Du bloc noir à l’épure

Les années 1980 avaient pourtant ancré les archétypes des produits électroniques. Pendant 20 ans, ils seront tous gris ou noirs, parfois blancs, mais invariablement carrés. Deux marques vont pourtant faire de la recherche design leur argument commercial. La danoise Bang & Olufsen et l’américaine Apple creusent ainsi l’idée qu’un haut-parleur ou un baladeur peuvent aussi devenir des objets d’art. Utiles et désirables. L’iPod au look de galet argenté va, par exemple, redéfinir l’importance stratégique du design dans les business plans et les retours sur investissement. Au point que son designer, le Britannique Jonathan Ive, occupe désormais le poste de vice-président de la marque la plus puissante du monde. Sa recette ? Rendre l’objet le plus simple possible aussi bien en termes de forme que d’utilisation. Comment ? En remplaçant les touches de l’iPod et de l’iPhone par une interface logicielle.

Cuir, bois, aluminium, tissu… Ces matériaux nobles remplacent désormais les sempiternelles coques en plastique moulé. La dématérialisation des supports, le développement des écrans tactiles et les progrès des technologies sans fil ouvrent la voie, quant à eux, à une production d’appareils épurés. Plus de fils, plus de boutons. Voilà qui réveille l’intérêt des designers pour ces objets où les contraintes techniques ne sont plus une limite. Philippe Starck va dessiner tout une gamme d’objets audio pour Parrot, Yves Béhar va lancer la marque Jawbone dédiée à ces gadgets soniques débarrassés de leurs câbles et Michael Anastassiades va créer pour B&O le Beosound Edge, un haut-parleur au look de tambour dont le volume sonore se règle en le roulant.

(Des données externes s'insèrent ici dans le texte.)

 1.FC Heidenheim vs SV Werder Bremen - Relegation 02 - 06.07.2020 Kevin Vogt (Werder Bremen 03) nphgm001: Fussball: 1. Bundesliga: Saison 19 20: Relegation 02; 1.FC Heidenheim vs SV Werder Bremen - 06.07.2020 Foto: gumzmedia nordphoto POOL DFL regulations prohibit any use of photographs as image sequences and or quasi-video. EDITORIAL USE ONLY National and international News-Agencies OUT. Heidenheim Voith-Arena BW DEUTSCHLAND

Il y a quelques mois, le célèbre designer italien Alessi, spécialiste des arts de la table, est allé jusqu’à organiser un concours, en collaboration avec une école de design, afin d’imaginer le futur des objets connectés en essayant de les envisager comme des moyens de réduire le recours aux smartphones.

Le high-tech se fait une beauté

De l’art pratique

La high-tech appartient désormais au décor de la maison, à ces objets qui donnent du style aux intérieurs. C’est aussi le cas des enceintes sonores, accessoires d’intérieur au même titre qu’un vase ou une lampe de salon. Maître du genre, Bang & Olufsen dessine des enceintes qui ressemblent à des oeuvres d’art, à l’instar de la Beosound Shape, mur d’alvéoles colorées conçu par le designer danois Øivind Alexander Slaatto. L’année dernière, B&O concrétisait ses rêves les plus fous avec une paire d’enceintes BeoLab 90 insensées, visiblement inspirées par l’architecture de Zaha Hadid. Sa dernière création, présentée à Milan, est le Beovision V300, un téléviseur dissimulé derrière des panneaux de bois qui se déploient comme un éventail.

D’autres, comme TP Vision (Philips), font des choix beaucoup plus minimalistes en sollicitant l’artisan danois Georg Jensen pour dessiner les pieds de leur nouvelle télévision. ” Nous nous sommes aperçus que de plus en plus de clients souhaitent s’équiper d’un téléviseur en parfaite harmonie avec leurs intérieurs contemporains, et qui dépasserait les codes de l’objet technologique pur et dur pour s’apparenter davantage à un objet de décoration. Ou plutôt une oeuvre d’art “, explique Rod White, directeur du design chez TP Vision, la maison mère des téléviseurs de marque Philips. Matériaux nobles, style épuré, design intemporel, etc. Le changement est tel que Philips devient dans le secteur high-tech ce que Bentley est à la voiture : de l’ultra-premium dans un univers industriel où les prix ne cessent de grimper.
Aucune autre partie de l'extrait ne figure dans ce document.